Fig 3. YY1 is required for antigen-specific germinal center development and for generation of antigen-specific IgG1.

(A) Splenocytes from NP-CGG immunized γ1CRE and YY1^f/f γ1CRE mice were harvested at 14 days after immunization and stained with various antibodies, as well as PNA to detect GC B cells. We gated on CD4⁻CD8⁻F4/80⁻Gr1⁻(DUMP⁻) IgD^- cells that were subdivided into PNA⁺B220⁺ GC-B cells.

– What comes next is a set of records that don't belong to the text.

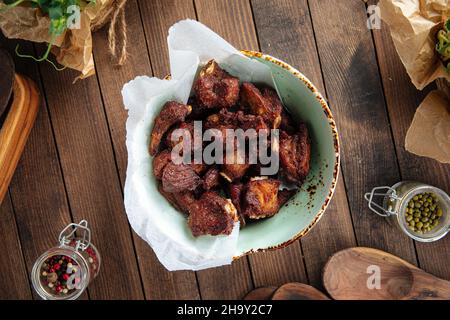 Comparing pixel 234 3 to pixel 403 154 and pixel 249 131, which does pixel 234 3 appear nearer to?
pixel 249 131

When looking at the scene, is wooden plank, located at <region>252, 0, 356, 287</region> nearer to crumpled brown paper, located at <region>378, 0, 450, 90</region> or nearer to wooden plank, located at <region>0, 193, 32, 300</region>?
crumpled brown paper, located at <region>378, 0, 450, 90</region>

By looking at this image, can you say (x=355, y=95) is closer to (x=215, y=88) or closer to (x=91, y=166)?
(x=215, y=88)

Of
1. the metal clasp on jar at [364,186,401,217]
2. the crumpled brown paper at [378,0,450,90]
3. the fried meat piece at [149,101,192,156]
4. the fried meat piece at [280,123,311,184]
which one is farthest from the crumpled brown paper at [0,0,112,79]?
the metal clasp on jar at [364,186,401,217]

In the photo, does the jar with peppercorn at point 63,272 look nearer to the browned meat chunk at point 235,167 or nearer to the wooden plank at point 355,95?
the browned meat chunk at point 235,167

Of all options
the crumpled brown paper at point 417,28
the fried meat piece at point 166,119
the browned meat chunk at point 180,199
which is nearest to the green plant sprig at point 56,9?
the fried meat piece at point 166,119

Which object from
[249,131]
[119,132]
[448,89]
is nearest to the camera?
[249,131] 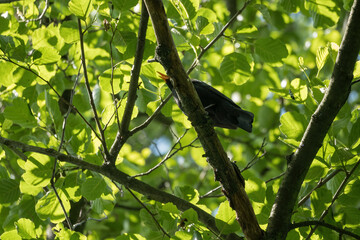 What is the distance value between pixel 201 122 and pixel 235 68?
861 mm

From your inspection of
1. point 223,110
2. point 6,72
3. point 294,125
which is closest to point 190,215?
point 294,125

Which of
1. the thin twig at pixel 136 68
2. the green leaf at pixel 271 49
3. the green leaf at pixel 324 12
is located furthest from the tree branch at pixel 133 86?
the green leaf at pixel 324 12

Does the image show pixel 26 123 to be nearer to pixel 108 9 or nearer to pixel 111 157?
pixel 111 157

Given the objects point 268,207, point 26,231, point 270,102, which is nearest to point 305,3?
point 270,102

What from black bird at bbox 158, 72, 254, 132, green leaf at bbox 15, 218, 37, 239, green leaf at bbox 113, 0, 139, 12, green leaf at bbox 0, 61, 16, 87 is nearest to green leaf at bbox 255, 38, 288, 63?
black bird at bbox 158, 72, 254, 132

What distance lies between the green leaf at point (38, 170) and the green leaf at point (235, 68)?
1.20 m

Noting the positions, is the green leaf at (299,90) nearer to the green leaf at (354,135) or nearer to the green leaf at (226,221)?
the green leaf at (354,135)

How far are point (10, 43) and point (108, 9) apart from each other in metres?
0.55

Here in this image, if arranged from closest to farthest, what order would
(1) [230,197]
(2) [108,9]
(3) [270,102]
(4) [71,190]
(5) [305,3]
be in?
1. (1) [230,197]
2. (2) [108,9]
3. (4) [71,190]
4. (5) [305,3]
5. (3) [270,102]

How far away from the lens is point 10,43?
2.20 meters

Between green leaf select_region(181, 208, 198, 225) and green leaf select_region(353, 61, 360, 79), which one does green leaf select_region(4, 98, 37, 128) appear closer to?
green leaf select_region(181, 208, 198, 225)

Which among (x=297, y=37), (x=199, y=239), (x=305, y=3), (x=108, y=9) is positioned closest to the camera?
(x=199, y=239)

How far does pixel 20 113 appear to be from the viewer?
2.43 m

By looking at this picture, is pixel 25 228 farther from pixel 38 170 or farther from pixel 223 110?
pixel 223 110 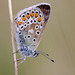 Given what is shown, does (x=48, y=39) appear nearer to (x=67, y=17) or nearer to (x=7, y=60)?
(x=67, y=17)

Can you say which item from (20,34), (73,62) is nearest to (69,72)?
(73,62)

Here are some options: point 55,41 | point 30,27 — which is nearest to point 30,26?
point 30,27

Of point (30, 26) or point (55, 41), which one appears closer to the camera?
point (30, 26)

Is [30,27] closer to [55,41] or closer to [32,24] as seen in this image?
[32,24]

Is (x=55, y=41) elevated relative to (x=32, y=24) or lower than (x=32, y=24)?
lower

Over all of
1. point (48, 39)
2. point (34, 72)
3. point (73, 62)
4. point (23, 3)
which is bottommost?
point (34, 72) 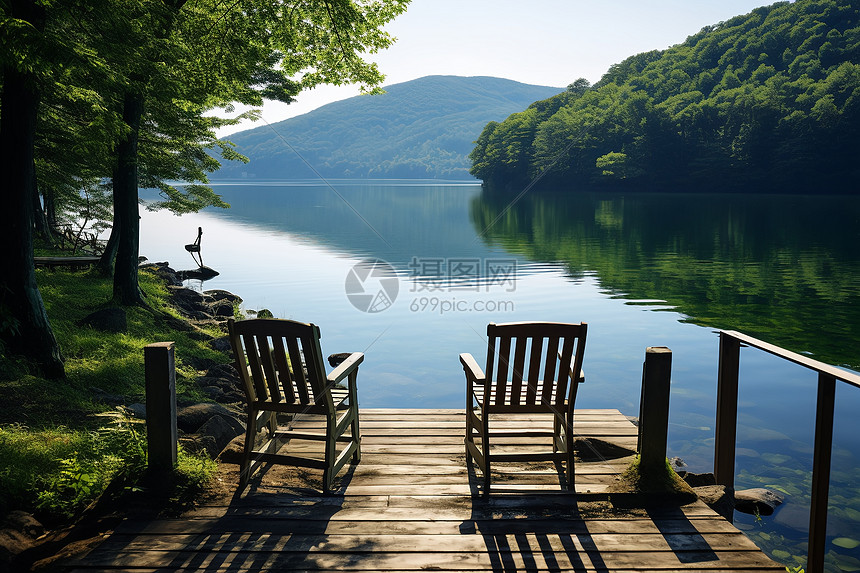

GC-B cells were gated and further subsetted into NP-specific (NP⁺B220⁺) GC-B cells. Representative results are from three independent experiments. (B) Numbers of NP-specific (NP⁺B220⁺) GC-B cells per spleen of immunized mice (n = 3). (C) γ1CRE and YY1^f/f γ1CRE mice were immunized with NP-CGG, and 14 days later spleen sections were stained with anti-GL7, anti-IgD and anti-TCRβ antibody. GL7-rich regions demarcate germinal center B cells. (D, E) Serum from NP-CGG immunized γ1CRE and YY1^f/f γ1CRE mice were collected at 14 days after immunization and NP-specific serum Igs were analyzed using ELISA. D. The concentration of low affinity (NP26, left panel) and high affinity (NP4, right panel) IgG1 in the serum. E. Titer of NP-specific total IgM in the sera of immunized mice. Data are derived from sera samples that were obtained from three experiments. Asterisks indicate p<0.001.